# 04 — Agent Walkthrough (Retrieval → Extraction → Summarization → Synthesis)

This notebook:
- Loads dataset + agent configs
- Plans a query and retrieves relevant documents (TF-IDF)
- Runs rule-based + spaCy NER on the retrieved docs
- Summarizes retrieved docs (extractive TextRank by default)
- Synthesizes a final answer with evidence
- Saves a JSON output and (optionally) writes to memory


In [1]:
import os, sys, yaml, json, time
from pathlib import Path

# Ensure local package is importable (src/ layout)
REPO_ROOT = Path.cwd().resolve().parents[0] if Path.cwd().name == "notebooks" else Path.cwd()
SRC_DIR = REPO_ROOT / "src"
if str(SRC_DIR) not in sys.path:
    sys.path.insert(0, str(SRC_DIR))

print("Repo root:", REPO_ROOT)
print("Using src dir:", SRC_DIR)

import pandas as pd
from IPython.display import display, HTML


Repo root: C:\Users\BAB AL SAFA\Documents\Vani\personal\escalate-nlp-agent
Using src dir: C:\Users\BAB AL SAFA\Documents\Vani\personal\escalate-nlp-agent\src


In [2]:
# Master config -> dataset config
CFG_PATH = REPO_ROOT / "configs" / "config.yaml"
with open(CFG_PATH, "r") as f:
    cfg = yaml.safe_load(f)

DS_CFG_PATH = REPO_ROOT / cfg["dataset_config"]
AGENT_CFG_PATH = REPO_ROOT / "configs" / "agent" / "news_aggregator.yaml"

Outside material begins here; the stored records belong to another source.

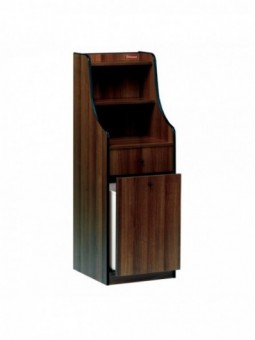 Meuble de service, 1 tiroir, 1 trémie, "Wengé"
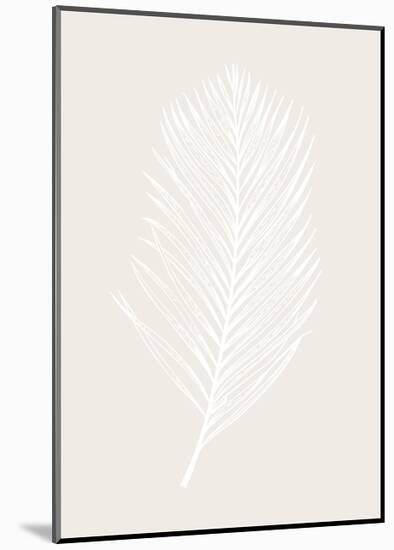 White Leaf-Design Fabrikken-Mounted Art Print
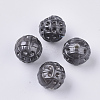 Spray Painted Opaque Acrylic Bead Rhinestone Settings MACR-T035-010A-1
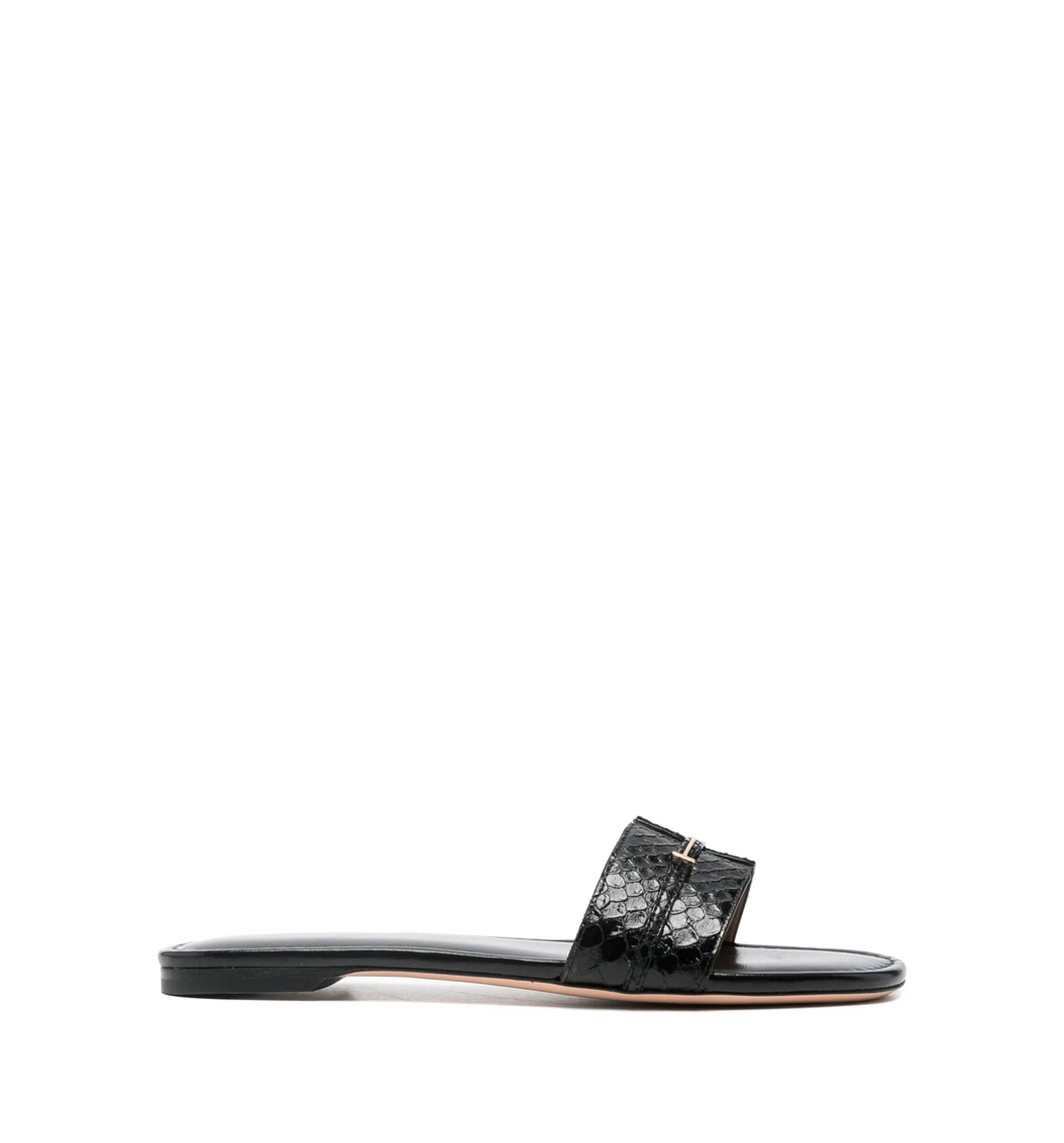 Low Slides In Python Effect Leather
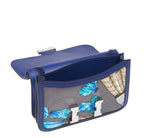 Hermes Constance Mini 18 Brasil Graphite Blue Thalassa Silk Swift Leather Palladium Hardware
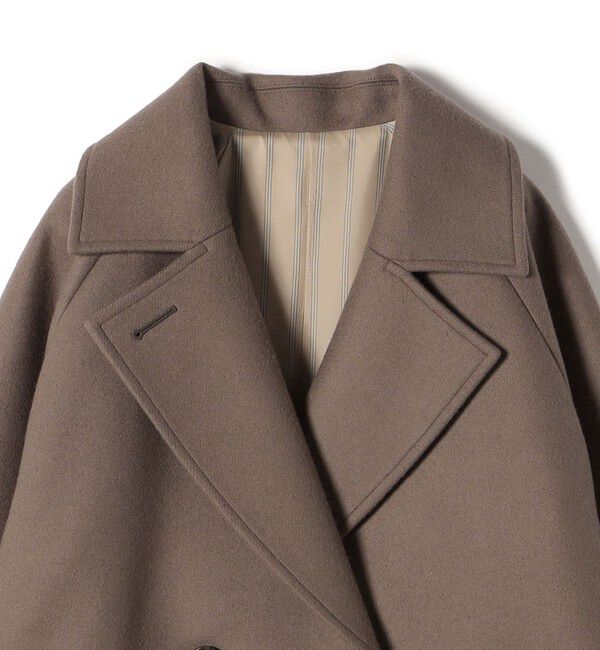 SHIPS for women「SUPER170 メルトン テントライン ミディ コート ◇」|その他|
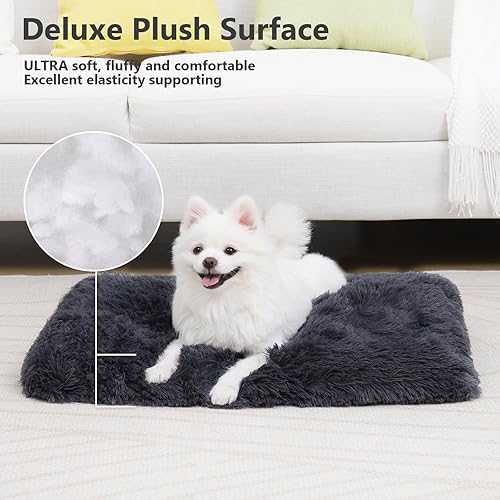 Miniatura 44 de Vonabem Cama para perro, extragrande, camas suaves de felpa para perros XL, almohadilla de jaula, lavable, 41 pulgadas de largo x 27 pulgadas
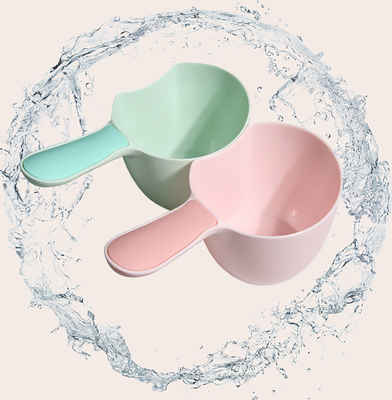 Plastik Dengan Gagang Portable Bath Shampoo Bilas Cangkir Untuk Mencuci Rambut Bayi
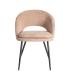 SILLA ROSA TEJIDO-METAL CONTRACT 67,50 X 47 X 79,50 CM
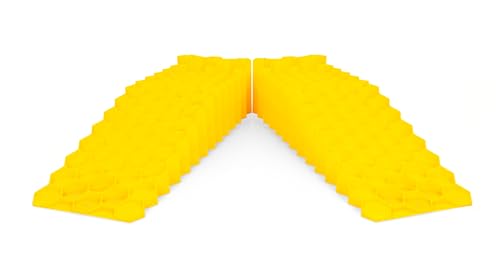 Camco Car Ramps/Truck Ramps - Low Profile Car Ramps - Features 7-Inches of Lift - Use as Car Ramps for Oil Changes, Car Lifts for Home Garage & More - 3,500 lb Capacity per Ramp - 2-Pack (44558)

with open(DS_CFG_PATH, "r") as f:
    ds_cfg = yaml.safe_load(f)
with open(AGENT_CFG_PATH, "r") as f:
    agent_cfg = yaml.safe_load(f)

print("Dataset:", ds_cfg["name"], "| id:", ds_cfg["id"])
print("Agent:", agent_cfg["name"])


Dataset: NLTK Reuters | id: reuters
Agent: News QA Agent


In [3]:
import spacy
try:
    _ = spacy.load("en_core_web_sm")
except Exception:
    !python -m spacy download en_core_web_sm


In [4]:
proc_dir = REPO_ROOT / ds_cfg["outputs"]["processed_dir"]
train_path = proc_dir / "train.parquet"
assert train_path.exists(), f"Missing {train_path}. Run Step 1 preprocessing."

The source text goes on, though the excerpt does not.